Here are more tips for telling the truth in your own workplace.
Understanding and using these principles will help you feel more confident about the choices you make and help you develop the skills you need to tell the truth with grace and skill.
* Learn to tell the difference between your observations – what anyone else would also observe – and your interpretations and assumptions – the meanings you put on what you observe.
You spend your early life learning that the things you see, hear, feel, etc., mean something. You learn to interpret that a smile on someone’s face means that they are pleased with you, and a frown or sharp word means that you have done something wrong.
You become so used to associating meaning to what you observe, that you carry those connections into adulthood, never realizing that the same signals may now mean different things. A smile now may be simply a social cover-up to hide someone’s true feelings, a frown may mean someone is concentrating, and a sharp word may mean that someone is upset with something that has no relationship to you.
A video camera might accurately record and validate what you observe, however, you can only guess (or ask the other person) whether or not your interpretations are correct.
* Assume that, at any given moment, you and others are doing the best you can to get what you need, given the knowledge and resources available at that moment.
Only a few people learn to recognize what they want and gracefully and skillfully communicate that information to others.

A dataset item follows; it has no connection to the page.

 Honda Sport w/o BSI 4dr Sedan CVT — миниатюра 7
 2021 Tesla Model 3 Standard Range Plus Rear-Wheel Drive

The rest of us just bumble along doing the best we can. Often our behavior is unskillful, and we inadvertently hurt others in our quest to take care of ourselves.
Of course, some people are belligerent, and seem to deliberately go out of their way to hurt others. Looking more deeply, you may see how they, too, do not know of any other options for themselves.

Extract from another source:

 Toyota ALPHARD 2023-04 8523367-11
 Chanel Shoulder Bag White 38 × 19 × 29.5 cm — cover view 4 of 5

You still need to take appropriate precautions in your life. However, approaching situations with this attitude will make it possible for you to examine many otherwise hidden options for creating truthful relationships.
* Decide what you hope to accomplish by telling the truth.
It helps to remember that your truth may not be the same as somebody else’s truth. Often the reason you want another to know your truth is because you want them to behave differently. Sometimes you just want to be heard and understood.
Knowing what you want to accomplish will help you design your communication more skillfully, so that you are more likely to accomplish your goal.